Dividends above your allowance are taxed at 8.75% for basic rate taxpayers, 33.75% for higher rate taxpayers, and 39.35% for additional rate taxpayers.
For example, if someone earned a salary of £25,000, and £3,000 in dividends, during the 2023-24 tax year, they would have a total income of £28,000 and so fall into the basic rate tax band.
This means they would pay no tax on the first £1,000 of their dividends, and 8.75% on the remaining £2,000 (£175).
Investors who make a profit of more than £12,300 each tax year through selling their investments must pay capital gains tax.
This allowance will be cut to £6,000 on 6 April 2023, and further reduced to £3,000 from 6 April 2024.
The rate investors pay depends on their tax band and the type of asset sold.

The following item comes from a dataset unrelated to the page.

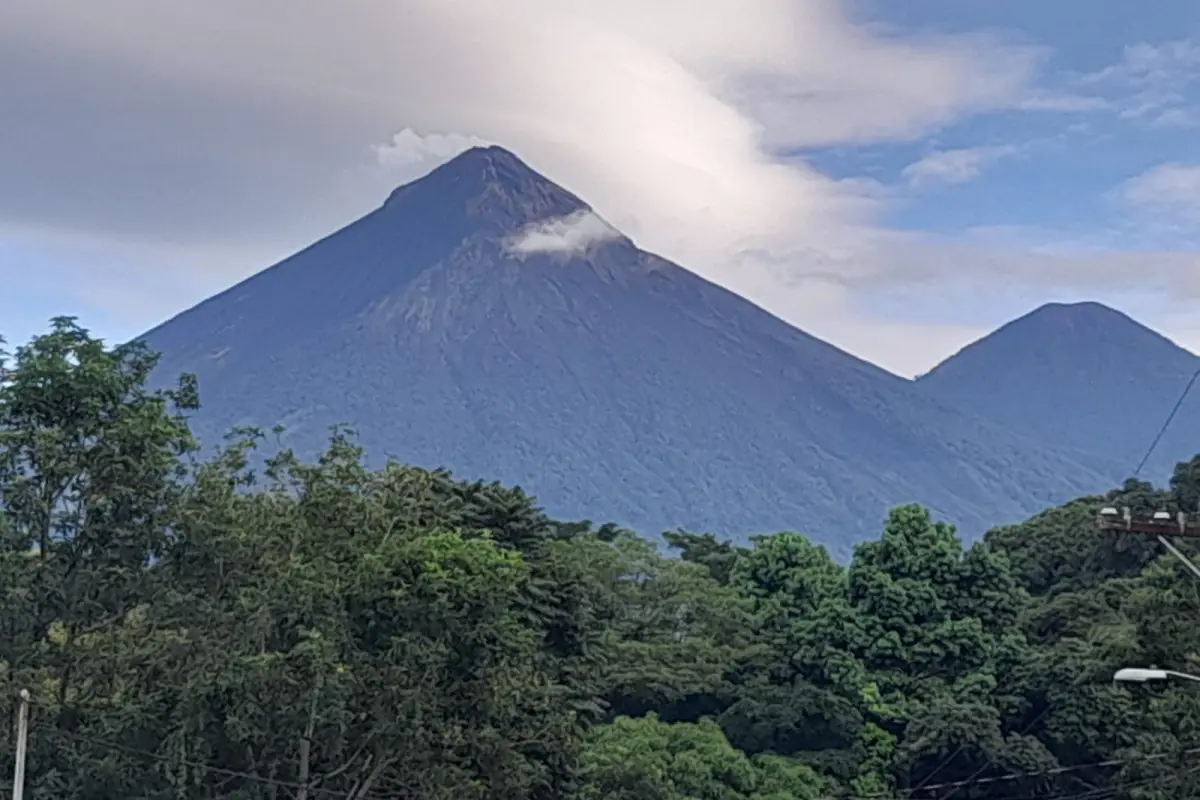 Incandescencia y fumarolas en el volcán de Fuego., Conred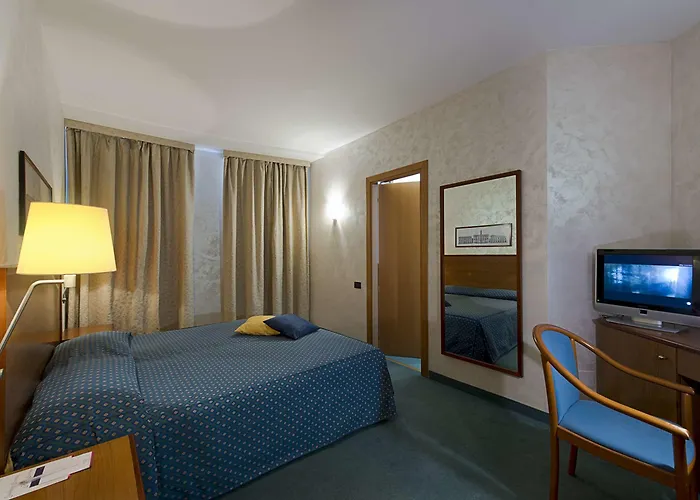 Hotel Classic Tulipano 3*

Basic rate taxpayers pay capital gains tax of 10% on any earnings above their annual allowance. Higher and additional rate taxpayers pay 20%.
Investors can buy and sell investment funds directly from a fund manager, through a trading platform, through a robo-advisor, or through a financial advisor.
If you choose a trading platform, you may be charged dealing fees each time you buy and sell.
When you place an order for a unit in a fund, the price you'll pay is determined by the next daily valuation. This means you won't know the exact price beforehand.
Investors should typically look to hold their units or shares in an investment fund for at least five to 10 years, to weather any volatility from stock market downturns.